We’ve written in the past about the precautions and procedures that Cumberland Title uses to keep your information safe while it’s in our hands. But there are also some pretty simple but important steps that everyone can take to keep their personal workstations safe and secure from fraud.

These days, simply locking your office door isn’t enough to stay safe in today’s fast-paced business world. It’s important to remember that cyber thieves aren’t the only threats lurking, and that keeping our workstations themselves from falling prey to threats and risks is also important.
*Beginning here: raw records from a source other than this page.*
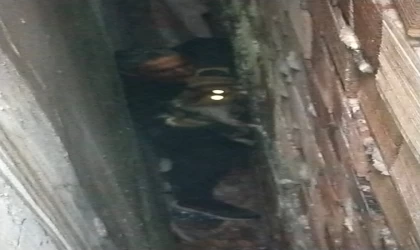 Bina boşluğuna düşen kedi, 7 saatlik operasyonla kurtarıldı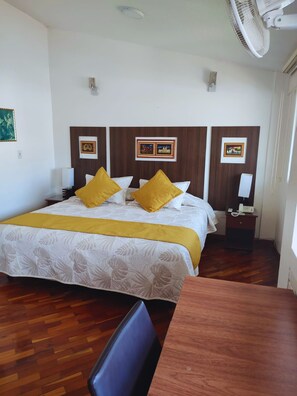 Luxury Room | Premium bedding, desk, laptop workspace, blackout curtains - CASA HIDALGO ECUADOR (Cumbayá)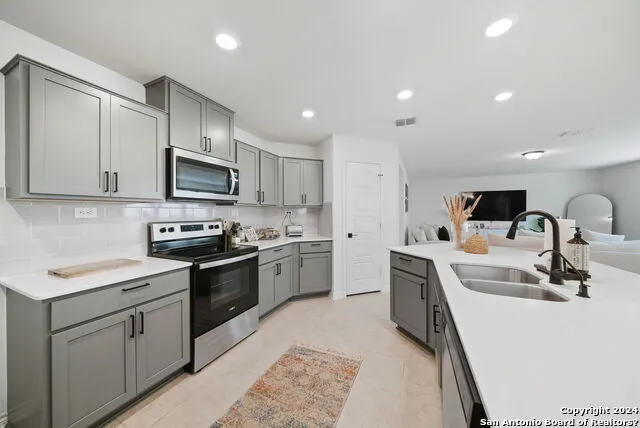 11133 CHARISMATIC San Antonio, TX 78245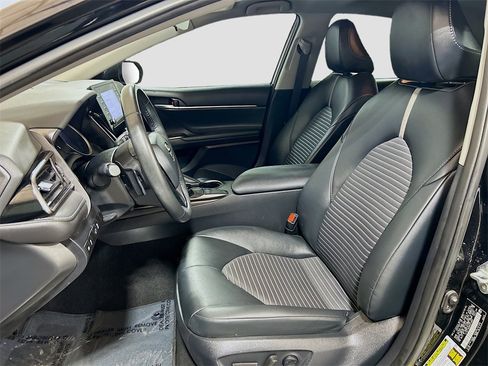 Used 2024 Toyota Camry SE image 17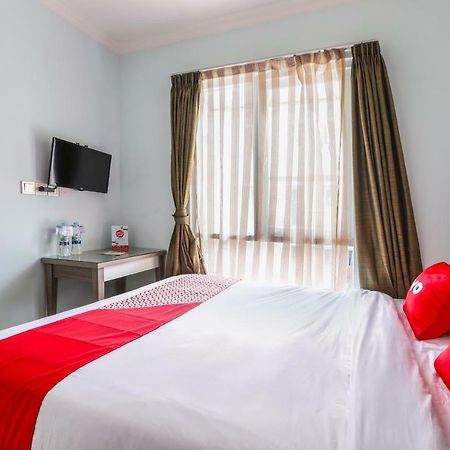 Oyo 1551 Studento Guest House Tangerang Bagian luar foto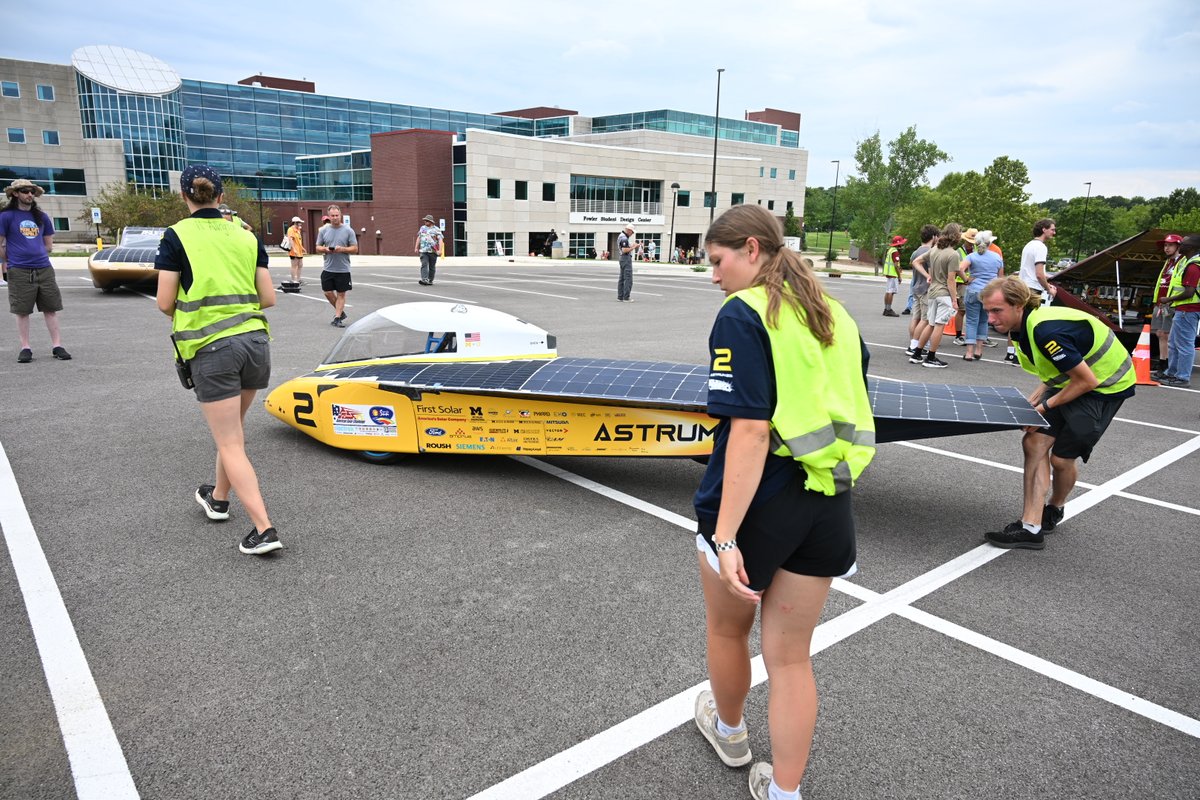 Nicoleedits's tweet photo. Awww sookie sookie now! The Solar Cars are here! Great photos, Howard Ash. Thank you!

https://t.co/2qX0Dp29mI 
#SIUE #MySIUE #SchoolofEngineering #OurEngineeringStudentsAreRockStars #ElectrekAmericanSolarChallenge #Solar #SolarVehicles #SolarCars #CougarBaja https://t.co/gVOSrk0rRm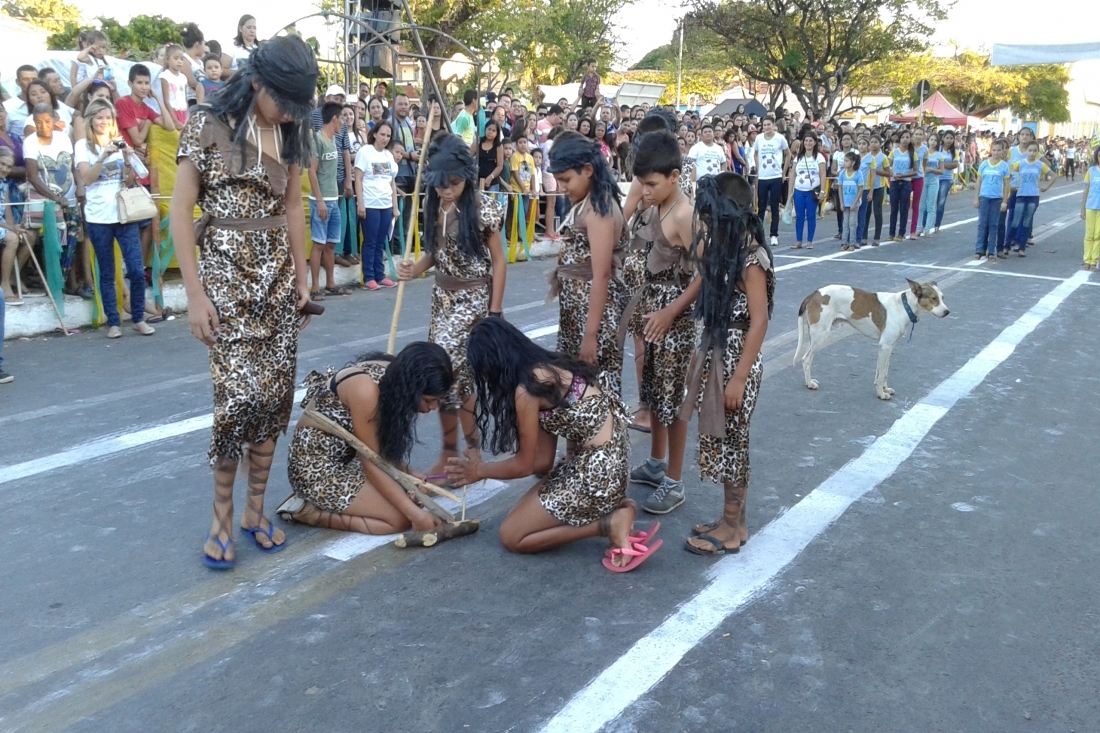 Desfile Cívico em homenagem à Independência do Brasil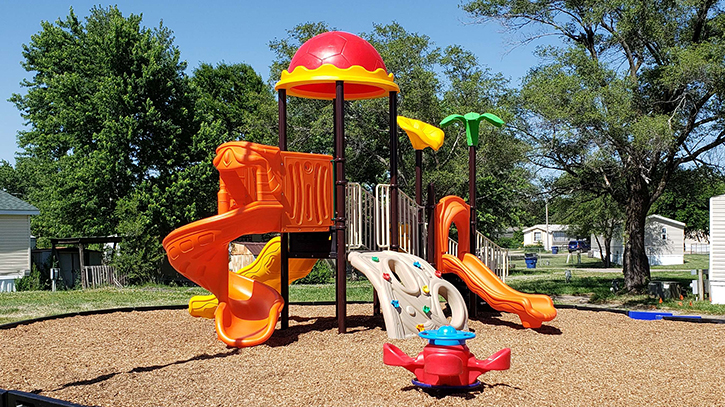 commercial playground equipment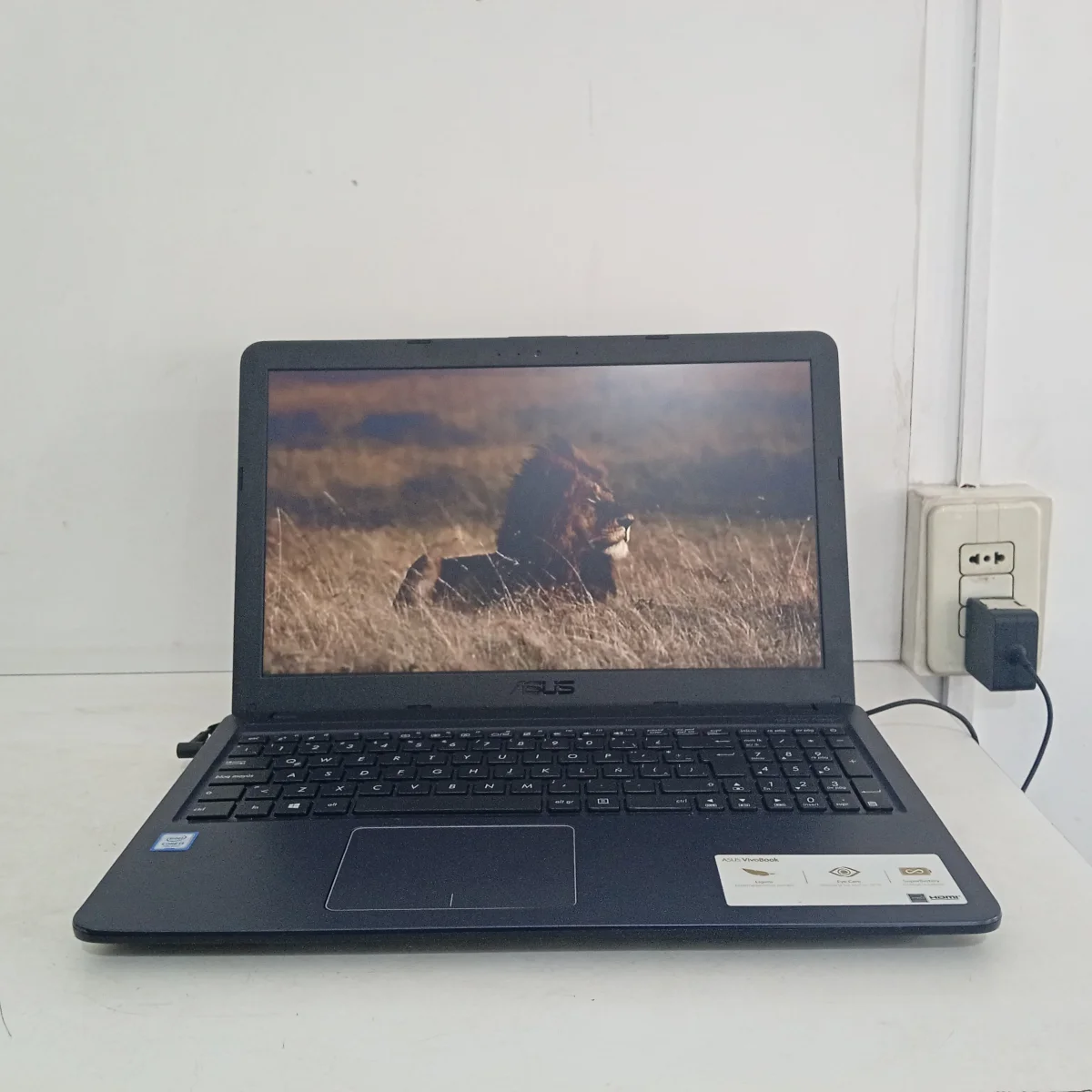 Notebook Marca Asus Modelo X543u Procesador I3 Memoria Ram 4 Gb Disco Duro 1.000 Gb Generacion 7 Acc Estuche Tipo Maletín Color Negro.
Here are a few steps you can take to keep your workspace protected:

 

  • Don’t leave your office without first clearing off your desk.  It’s important to make sure that confidential data is locked away and not left out in the open. Locking the door to the office is also highly recommended

 

  • Recycle bin vs. Shred bin.  I’m all for recycling, but make sure that the things that are going in the blue bin do not have sensitive information on them. If so, they go in the shred bin (which should also remain locked)

 

  • Passwords:  Yes, it can be a real pain to have and have to remember multiple passwords for different systems, and it may seem convenient to use the same one for all systems, or choose one that’s simple to remember—or even share it with co-workers. Lest we learn nothing from the 2016 Verizon Data Breach Report which confirmed that 63% of confirmed data breaches were a result of weak, default, or stolen passwords.

 

  • Mobile devices.  Where to begin with this one… Imagine losing your work issued cell phone, or having it stolen. Treat this device like you should your work computer, and lock it up! That’s right, password protect that sucker, too. And remember to back up that data in the event it is lost or stolen. A leading study showed that in the event of thefts involving mobile devices, 25% occur in cars and transportation, 23% in the office, and 15% in airports and hotels.

 

  • Working in public on a laptop.  Thieves are opportunists who will seize any opportunity, especially when you make it so tempting and easy for them. They are not above looking over your shoulder at your screen or stealing hardcopy papers you may have lying next to you, should you step away for only a second to grab an extra sugar for your coffee. Don’t make it any easier for them.